It’s been a while since I introduced my Bloodborne character Cleavopatra and I thought I’d post an update on my gameplay. Cleav’ is doing pretty well. You can see her hair now! (I made it pink so that there would be some bubble gum happiness in the dark and gothic Yarnham) Guess my 45 minutes of character design wasn’t wasted after all.
My biggest achievement so far, and possibly the most intense boss battle of my life, was defeating Father Gascoigne. It took me a while but I finally did it. I saved a video clip of my battle because there is a part at the end where we’re both at very low health and that shit is intense, plus I was just very proud, I like to watch it to cheer me up when I die too much in the game. I really wish I had been able to record my voice over it somehow because my Dad was watching me play (he’s playing through it too – go gamer Dad!) and we were both SCREAMING at the TV. Here’s a small, insightful sample of dialogue which really shows off my extensive vocabulary, and eloquently demonstrates my general reactions to this game:
“GET TO FUCK, GASCOIGNE… No… NO… NOOOOOO. ROLL BITCH ROLL. YES!!! … HE’S NEARLY DEAD AAAAAH… AAAAAAAAAAAAAAAAAAAAH!!!! NO! LEAVE ME ALONE! … OH MY GOD I DID IT AAAAAAAH!”
Fireworks went off, world peace was achieved, I was knighted… Here are some screenshots to help you experience the moment with me.
So if you are a Bloodborne player you’re probably thinking “lol wait until you get to *future boss* if you think Gascoigne was bad” and yeah, to be honest I’m not expecting to finish this game.
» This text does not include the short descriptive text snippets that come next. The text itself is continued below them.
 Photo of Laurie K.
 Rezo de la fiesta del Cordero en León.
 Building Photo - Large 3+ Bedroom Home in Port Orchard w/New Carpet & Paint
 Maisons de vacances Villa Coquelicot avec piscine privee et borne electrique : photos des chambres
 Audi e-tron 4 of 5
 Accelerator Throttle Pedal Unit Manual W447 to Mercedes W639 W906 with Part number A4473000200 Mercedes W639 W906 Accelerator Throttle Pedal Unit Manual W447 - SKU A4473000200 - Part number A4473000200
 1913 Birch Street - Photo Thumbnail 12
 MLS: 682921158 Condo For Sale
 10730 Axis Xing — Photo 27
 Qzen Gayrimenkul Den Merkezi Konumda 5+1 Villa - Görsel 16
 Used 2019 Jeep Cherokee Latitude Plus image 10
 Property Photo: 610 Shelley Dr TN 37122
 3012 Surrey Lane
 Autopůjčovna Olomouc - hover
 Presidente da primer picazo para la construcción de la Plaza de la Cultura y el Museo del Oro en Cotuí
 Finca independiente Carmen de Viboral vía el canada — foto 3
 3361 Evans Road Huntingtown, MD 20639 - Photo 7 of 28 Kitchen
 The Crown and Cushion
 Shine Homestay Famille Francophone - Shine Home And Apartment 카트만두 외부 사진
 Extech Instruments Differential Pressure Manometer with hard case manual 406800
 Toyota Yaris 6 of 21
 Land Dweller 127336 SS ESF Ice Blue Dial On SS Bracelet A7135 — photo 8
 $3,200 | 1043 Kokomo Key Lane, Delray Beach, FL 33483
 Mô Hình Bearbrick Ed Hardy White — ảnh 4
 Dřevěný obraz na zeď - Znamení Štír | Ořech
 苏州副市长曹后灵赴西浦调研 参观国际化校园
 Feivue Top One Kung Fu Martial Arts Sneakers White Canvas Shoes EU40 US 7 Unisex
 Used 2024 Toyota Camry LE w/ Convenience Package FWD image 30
I’ve seen some of what awaits me from my boyfriend’s and the Game Grumps’ playthroughs (one of my favourite playthroughs of theirs FYI) and it looks a bit tricky, but I will try! My other half is currently getting his arse kicked by Ludwig over and over, and is stubbornly refusing to summon other Hunters to help him because he wants to do it all by himself, which I totally get – but unlike him I will get to the point of throwing my pride and independence out the window very quickly with zero fucks given and summoning an army to help me out.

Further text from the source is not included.